The inclusion of high-risk patients reduces the number of subjects required to evaluate chemopreventive strategies. Age, race, family history, high-grade prostatic intraepithelial neoplasia (PIN), and high PSA levels are well-defined risk factors. For example, if a study includes men with familial prostate cancer, whose risk approaches nearly 50%, several hundred men would be required to demonstrate a 20% to 30% reduction in the incidence of the disease. If the general population were studied, the number of patients required would be much larger. To detect a 25% reduction in prevalence in subjects taking the chemopreventive agent vs placebo would require the enrollment of 18,000 men. If the estimated difference is smaller, a study population of 50,000 men or more would be necessary.
Ideally, the incidence of cancer should be the end point in trials of chemopreventive agents for prostate cancer. However, such trials may require 10 or more years to reach this end point. To gain time, intermediate end points might be chosen, but no reliable biomarker has been validated in such a way that it can be used as a replacement for definitive end points.
Nevertheless, PSA appears to be a useful surrogate for following patients in chemoprevention trials. A rising PSA level is associated with an increased risk of the development and/or progression of prostate cancer. The major advantage of using PSA is that it represents an inexpensive noninvasive method of selection.
Defining a High-Risk Cohort
Given that the risk of prostate cancer parallels PSA level, it is not surprising that men with an initial PSA > 10 ng/mL have nearly a 50% risk of disease. The use of serum PSA levels to define a high-risk cohort was investigated in a study of men who participated in annual screening for 3 years. A total of 6,804 men with an initial PSA level < 4 ng/mL (IMx assay) and a normal digital rectal examination were extracted from a database of 55,000 men. Those with a PSA level < 2 ng/mL had a very low risk of an abnormal PSA within 3 years (< 3%), whereas those with a level of 2.1 to 4.0 ng/mL had a 34% chance of developing an abnormal PSA during follow-up. The latter group seems to represent an ideal cohort for chemoprevention trials.
Agents that have a suppressive effect on PSA represent another challenge in such trials. Finasteride (Propecia, Proscar), antiandrogens, differentiation agents, and other hormonal agents can lower the PSA level but may not have a salutary effect on the disease.

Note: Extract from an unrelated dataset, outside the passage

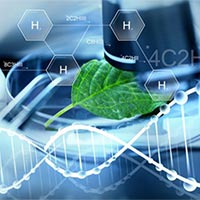 Giáo án Sinh học 10 Bài 5: Các phân tử sinh học  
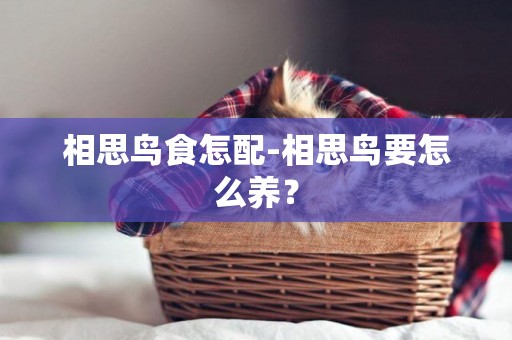 相思鳥食怎配-相思鳥要怎么養？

We recently reported the results of annual prostate cancer screening in a cohort of men in the Prostate, Lung, Colorectal, Ovarian (PLCO) Screening Trial, with the risk of developing an abnormal PSA predicated on initial blood levels. For men with a PSA < 1 ng/mL, the risk of developing an abnormal PSA (ie, > 4 ng/mL) at 5 years was less than 1.6%. However, men with a PSA ranging from 3.1 to 4 ng/mL had an 83% chance of developing an abnormal PSA within 5 years. This high-risk cohort would be the appropriate focus of chemoprevention trials.
In summary, the authors have provided a scholarly overview of PSA as a marker of disease activity in prostate cancer. PSA is perhaps the most important tumor marker in oncology and has increased the detection of organ-confined disease. It offers promise in assessing response to treatment for hormone-sensitive and refractory disease and as a surrogate to identify men for chemoprevention trials.